In this notebook, we aim to identify the best-performing pretrained model.

- The same preprocessing steps and model pipeline were used for each model to ensure a fair comparison.
- To build the pretrained models, we used a pipeline similar to the one from the practical class, adapted to fit the function used for `model_from_scratch`.  
  This includes:  
  - An augmentation layer (again simple one)
  - A rescaling layer  
  - A pretrained model without top layers  
  - A Flatten layer  
  - A Dropout layer (added by us, as we observed it could reduce overfitting)  
  - A Dense output layer

We used the following models:
- **VGG16**, as it was presented in the practical class  
- **ResNet50**, as we saw it is a robust model for complex image classification tasks  
- **MobileNetV2**, as it is known to be a very efficient and fast model

We also decided to **freeze the pretrained layers**, as it is considered good practice when using transfer learning.  
In future iterations, we plan to experiment with unfreezing the layers after the initial training phase.

# Conclusion

From this run, we can conclude that the pretrained model **MobileNetV2** performs better in every aspect compared to the others.  
Therefore, it is likely that we will choose this model for the next steps.
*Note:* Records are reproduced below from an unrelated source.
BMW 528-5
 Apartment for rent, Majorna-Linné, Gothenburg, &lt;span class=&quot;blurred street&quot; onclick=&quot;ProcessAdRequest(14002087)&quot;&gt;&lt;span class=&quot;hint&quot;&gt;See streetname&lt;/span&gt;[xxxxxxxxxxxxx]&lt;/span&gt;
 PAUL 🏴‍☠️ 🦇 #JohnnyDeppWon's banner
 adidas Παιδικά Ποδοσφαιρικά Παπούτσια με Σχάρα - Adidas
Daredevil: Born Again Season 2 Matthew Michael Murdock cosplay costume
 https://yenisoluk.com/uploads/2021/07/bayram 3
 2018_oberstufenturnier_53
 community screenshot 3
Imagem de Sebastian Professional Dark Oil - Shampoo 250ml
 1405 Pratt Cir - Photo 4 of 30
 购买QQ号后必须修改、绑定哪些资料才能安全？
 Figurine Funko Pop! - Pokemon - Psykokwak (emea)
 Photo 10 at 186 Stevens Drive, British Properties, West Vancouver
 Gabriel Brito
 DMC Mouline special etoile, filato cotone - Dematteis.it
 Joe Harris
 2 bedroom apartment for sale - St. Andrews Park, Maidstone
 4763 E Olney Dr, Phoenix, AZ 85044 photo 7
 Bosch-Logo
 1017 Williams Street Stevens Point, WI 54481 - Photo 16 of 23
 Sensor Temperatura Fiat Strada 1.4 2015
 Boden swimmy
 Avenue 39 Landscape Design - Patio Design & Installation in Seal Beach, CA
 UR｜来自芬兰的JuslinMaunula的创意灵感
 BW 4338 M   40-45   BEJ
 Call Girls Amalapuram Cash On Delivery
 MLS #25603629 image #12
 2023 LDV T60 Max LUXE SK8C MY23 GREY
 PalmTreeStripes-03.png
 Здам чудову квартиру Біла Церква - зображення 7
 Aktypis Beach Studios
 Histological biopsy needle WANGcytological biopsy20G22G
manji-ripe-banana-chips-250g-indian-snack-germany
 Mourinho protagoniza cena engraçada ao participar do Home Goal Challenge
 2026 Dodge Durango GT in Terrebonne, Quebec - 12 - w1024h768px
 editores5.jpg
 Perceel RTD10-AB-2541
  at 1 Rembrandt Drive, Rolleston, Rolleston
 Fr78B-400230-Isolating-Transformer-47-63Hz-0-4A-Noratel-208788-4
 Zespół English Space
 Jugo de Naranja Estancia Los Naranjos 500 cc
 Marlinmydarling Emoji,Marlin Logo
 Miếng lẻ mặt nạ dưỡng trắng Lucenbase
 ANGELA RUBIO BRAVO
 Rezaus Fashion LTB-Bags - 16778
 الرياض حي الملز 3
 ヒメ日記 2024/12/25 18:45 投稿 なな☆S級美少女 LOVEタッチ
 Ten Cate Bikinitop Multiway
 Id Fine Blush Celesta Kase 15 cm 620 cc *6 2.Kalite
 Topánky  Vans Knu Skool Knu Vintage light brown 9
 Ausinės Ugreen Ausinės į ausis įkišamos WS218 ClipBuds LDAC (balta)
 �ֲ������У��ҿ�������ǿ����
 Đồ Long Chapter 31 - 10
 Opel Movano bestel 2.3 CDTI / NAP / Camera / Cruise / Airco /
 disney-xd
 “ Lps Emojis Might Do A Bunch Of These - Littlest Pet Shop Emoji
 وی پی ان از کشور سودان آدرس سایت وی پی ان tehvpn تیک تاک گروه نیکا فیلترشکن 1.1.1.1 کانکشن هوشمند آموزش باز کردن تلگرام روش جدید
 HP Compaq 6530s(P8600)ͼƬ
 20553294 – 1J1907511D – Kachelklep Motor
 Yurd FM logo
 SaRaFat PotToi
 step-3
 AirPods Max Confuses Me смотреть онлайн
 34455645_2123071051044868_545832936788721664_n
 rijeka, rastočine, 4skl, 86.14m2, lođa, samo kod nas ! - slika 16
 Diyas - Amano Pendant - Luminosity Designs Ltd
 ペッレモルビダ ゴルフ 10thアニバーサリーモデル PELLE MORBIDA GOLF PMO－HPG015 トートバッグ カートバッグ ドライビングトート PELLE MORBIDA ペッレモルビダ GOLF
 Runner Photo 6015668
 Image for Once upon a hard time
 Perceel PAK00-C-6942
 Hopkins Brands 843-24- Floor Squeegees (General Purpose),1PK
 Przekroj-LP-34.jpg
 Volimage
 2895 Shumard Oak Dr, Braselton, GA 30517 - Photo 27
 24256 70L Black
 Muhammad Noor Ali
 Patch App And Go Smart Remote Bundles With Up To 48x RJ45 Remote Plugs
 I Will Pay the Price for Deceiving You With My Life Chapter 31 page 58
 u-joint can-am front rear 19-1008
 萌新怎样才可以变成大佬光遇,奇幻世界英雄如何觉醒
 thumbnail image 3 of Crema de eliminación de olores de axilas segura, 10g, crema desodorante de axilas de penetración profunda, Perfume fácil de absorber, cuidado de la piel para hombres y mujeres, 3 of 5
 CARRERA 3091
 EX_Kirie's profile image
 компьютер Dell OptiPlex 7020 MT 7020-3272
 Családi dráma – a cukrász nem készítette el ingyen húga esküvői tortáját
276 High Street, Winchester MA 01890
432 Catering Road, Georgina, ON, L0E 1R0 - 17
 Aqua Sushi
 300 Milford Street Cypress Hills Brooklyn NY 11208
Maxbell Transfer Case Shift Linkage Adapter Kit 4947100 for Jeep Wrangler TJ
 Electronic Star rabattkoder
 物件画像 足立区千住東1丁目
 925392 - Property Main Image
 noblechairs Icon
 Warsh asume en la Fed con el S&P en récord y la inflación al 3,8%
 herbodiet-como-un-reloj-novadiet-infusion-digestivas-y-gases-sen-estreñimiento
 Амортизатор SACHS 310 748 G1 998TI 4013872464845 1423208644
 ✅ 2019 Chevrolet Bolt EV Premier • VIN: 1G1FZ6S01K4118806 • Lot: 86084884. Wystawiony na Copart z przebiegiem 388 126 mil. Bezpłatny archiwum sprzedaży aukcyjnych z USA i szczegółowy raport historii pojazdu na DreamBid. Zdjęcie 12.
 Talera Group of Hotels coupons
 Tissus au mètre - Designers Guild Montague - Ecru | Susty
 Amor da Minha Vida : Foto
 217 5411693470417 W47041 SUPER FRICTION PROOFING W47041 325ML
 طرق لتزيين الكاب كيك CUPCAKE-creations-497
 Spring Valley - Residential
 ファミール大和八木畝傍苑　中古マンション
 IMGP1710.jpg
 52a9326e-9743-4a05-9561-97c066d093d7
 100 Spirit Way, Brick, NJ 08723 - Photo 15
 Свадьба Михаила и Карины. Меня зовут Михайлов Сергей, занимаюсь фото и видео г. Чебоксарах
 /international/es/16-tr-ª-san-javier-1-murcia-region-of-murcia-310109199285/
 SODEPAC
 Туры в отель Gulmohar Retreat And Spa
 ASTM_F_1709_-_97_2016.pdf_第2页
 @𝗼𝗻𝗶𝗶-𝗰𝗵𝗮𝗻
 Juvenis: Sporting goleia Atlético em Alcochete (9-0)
Although we are aware that this could be due to our pipeline being more tailored to this specific model, the results are promising.


# Imports

In [None]:
from google.colab import drive
import zipfile
drive.mount('/content/drive')

zip_path = '/content/drive/MyDrive/rare_species 1.zip'
extract_path = '/content/rare_species 1'
with zipfile.ZipFile(zip_path, 'r') as zip_ref:
    zip_ref.extractall(extract_path)

Mounted at /content/drive


In [None]:
import os
import shutil
import numpy as np
import pandas as pd
import tensorflow as tf
from tensorflow import keras
from tensorflow import data as tf_data
from tensorflow.keras import layers
from tensorflow.keras.applications import VGG16, ResNet50, MobileNetV2, Xception, DenseNet121
from tensorflow.keras.layers import Rescaling, RandAugment
from sklearn.metrics import classification_report

In [None]:
# With colab
folder_path = '/content/rare_species 1'
meta = pd.read_csv('/content/rare_species 1/metadata.csv')


# Splits

In [None]:

image_size = (224, 224)
seed = 42
batch_size = 32

train_ds, val_ds= keras.utils.image_dataset_from_directory(
    folder_path,
    validation_split=0.2,
    subset= "both",
    seed= seed,
    image_size= image_size,
    batch_size= batch_size
)


Found 11983 files belonging to 202 classes.
Using 9587 files for training.
Using 2396 files for validation.


# Defining the different models

In this section, we create three different models. All models are built using the same architecture to allow for fair comparison. The pipeline for each model includes the following components:

- **Augmentation layer**: Applies basic random transformations to simulate data variability.
- **Rescaling layer**: Normalizes pixel values.
- **Pretrained model**: Varies between the models to test performance differences.
- **Flatten layer**: Converts the output of the convolutional base to a 1D vector.
- **Dropout layer**: Helps the model generalize better by reducing overfitting.

Although this setup is not optimal—since different pretrained models may respond better to different image sizes and configurations—we believe this approach provides a consistent and efficient basis for comparison.

In [None]:
# Model creation functions for different architectures
def make_model_vgg16(input_shape, num_classes):
    inputs = keras.Input(shape=input_shape)
    x = RandAugment(value_range= (0, 255))(inputs)
    x = Rescaling(1./255)(x)

    # Pretrained VGG16
    base_model = VGG16(include_top=False, input_tensor=x, weights="imagenet")
    base_model.trainable = False  # Freeze for transfer learning

    x = base_model.output
    x = layers.Flatten()(x)
    x = layers.Dropout(0.1)(x) # To somewhat prevent overfitting though it might be to little

    outputs = layers.Dense(num_classes, activation="softmax")(x)

    return keras.Model(inputs, outputs)

def make_model_resnet50(input_shape, num_classes):
    inputs = keras.Input(shape=input_shape)
    x = RandAugment(value_range= (0, 255))(inputs)
    x = Rescaling(1./255)(x)

    # Pretrained ResNet50
    base_model = ResNet50(include_top=False, input_tensor=x, weights="imagenet")
    base_model.trainable = False  # Freeze for transfer learning

    x = base_model.output
    x = layers.Flatten()(x)
    x = layers.Dropout(0.1)(x) # To somewhat prevent overfitting though it might be to little

    outputs = layers.Dense(num_classes, activation="softmax")(x)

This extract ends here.